(RECORD EXCERPTS begins)

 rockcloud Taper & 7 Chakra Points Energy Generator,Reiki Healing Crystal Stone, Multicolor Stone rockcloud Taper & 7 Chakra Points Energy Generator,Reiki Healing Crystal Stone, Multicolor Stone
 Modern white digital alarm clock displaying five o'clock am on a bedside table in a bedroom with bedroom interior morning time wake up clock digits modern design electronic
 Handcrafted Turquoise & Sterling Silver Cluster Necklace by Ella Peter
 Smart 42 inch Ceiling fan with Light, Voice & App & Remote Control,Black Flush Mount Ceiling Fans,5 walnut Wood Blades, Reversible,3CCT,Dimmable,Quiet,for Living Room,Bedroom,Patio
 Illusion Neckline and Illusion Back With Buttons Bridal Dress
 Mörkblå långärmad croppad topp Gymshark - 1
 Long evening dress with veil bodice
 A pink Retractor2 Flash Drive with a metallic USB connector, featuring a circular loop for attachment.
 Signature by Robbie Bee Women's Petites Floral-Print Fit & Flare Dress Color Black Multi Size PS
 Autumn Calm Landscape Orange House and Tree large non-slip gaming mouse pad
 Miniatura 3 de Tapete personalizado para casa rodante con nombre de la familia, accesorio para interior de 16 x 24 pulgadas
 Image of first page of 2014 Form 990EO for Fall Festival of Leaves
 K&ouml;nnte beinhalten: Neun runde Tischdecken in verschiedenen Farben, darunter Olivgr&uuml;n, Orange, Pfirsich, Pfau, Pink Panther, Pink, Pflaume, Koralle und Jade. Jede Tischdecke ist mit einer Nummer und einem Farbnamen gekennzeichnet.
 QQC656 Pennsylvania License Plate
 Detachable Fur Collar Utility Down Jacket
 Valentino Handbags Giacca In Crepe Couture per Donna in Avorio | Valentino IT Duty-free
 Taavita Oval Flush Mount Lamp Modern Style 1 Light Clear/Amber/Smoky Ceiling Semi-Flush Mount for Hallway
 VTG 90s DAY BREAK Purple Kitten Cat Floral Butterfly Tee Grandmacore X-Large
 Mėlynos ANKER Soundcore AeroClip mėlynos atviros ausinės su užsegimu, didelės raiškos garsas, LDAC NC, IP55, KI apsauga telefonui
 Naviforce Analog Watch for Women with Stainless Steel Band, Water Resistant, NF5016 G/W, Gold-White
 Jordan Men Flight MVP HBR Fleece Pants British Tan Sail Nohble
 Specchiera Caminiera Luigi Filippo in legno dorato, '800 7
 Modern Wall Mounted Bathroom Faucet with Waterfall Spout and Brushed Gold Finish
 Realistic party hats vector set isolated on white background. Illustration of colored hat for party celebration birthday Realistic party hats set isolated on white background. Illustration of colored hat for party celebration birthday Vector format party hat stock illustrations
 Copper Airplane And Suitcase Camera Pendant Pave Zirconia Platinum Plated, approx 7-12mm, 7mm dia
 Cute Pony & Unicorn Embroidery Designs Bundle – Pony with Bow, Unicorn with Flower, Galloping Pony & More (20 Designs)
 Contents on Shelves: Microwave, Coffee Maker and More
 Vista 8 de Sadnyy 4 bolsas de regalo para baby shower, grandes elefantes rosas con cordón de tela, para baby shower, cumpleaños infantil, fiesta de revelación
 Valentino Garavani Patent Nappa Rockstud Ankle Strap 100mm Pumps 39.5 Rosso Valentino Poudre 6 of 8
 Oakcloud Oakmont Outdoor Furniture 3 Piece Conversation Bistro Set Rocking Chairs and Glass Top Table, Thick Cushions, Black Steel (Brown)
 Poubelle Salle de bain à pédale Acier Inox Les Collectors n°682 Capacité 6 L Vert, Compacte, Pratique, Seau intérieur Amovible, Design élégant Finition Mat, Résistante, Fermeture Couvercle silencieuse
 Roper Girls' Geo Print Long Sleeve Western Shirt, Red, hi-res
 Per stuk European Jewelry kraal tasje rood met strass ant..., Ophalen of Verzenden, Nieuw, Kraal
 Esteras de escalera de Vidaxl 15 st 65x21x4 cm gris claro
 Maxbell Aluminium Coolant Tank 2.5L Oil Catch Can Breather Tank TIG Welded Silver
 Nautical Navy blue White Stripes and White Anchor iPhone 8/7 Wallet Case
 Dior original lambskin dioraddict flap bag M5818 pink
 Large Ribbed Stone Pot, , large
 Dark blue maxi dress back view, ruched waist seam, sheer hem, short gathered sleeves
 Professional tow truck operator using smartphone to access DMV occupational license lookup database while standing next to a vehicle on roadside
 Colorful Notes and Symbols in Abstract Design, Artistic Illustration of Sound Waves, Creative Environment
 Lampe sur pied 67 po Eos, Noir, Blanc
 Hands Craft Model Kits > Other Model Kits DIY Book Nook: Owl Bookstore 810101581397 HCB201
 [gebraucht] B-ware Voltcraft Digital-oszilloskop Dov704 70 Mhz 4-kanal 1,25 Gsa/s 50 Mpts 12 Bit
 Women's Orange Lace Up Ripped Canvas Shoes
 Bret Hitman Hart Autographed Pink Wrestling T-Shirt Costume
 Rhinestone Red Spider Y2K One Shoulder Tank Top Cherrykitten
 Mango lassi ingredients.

(RECORD EXCERPTS ends)

Within the data above, the lines from the one with "A pink Retractor2" to the one with "Autumn Calm Landscape" must be repeated exactly; no other line belongs in the answer.

 A pink Retractor2 Flash Drive with a metallic USB connector, featuring a circular loop for attachment.
 Signature by Robbie Bee Women's Petites Floral-Print Fit & Flare Dress Color Black Multi Size PS
 Autumn Calm Landscape Orange House and Tree large non-slip gaming mouse pad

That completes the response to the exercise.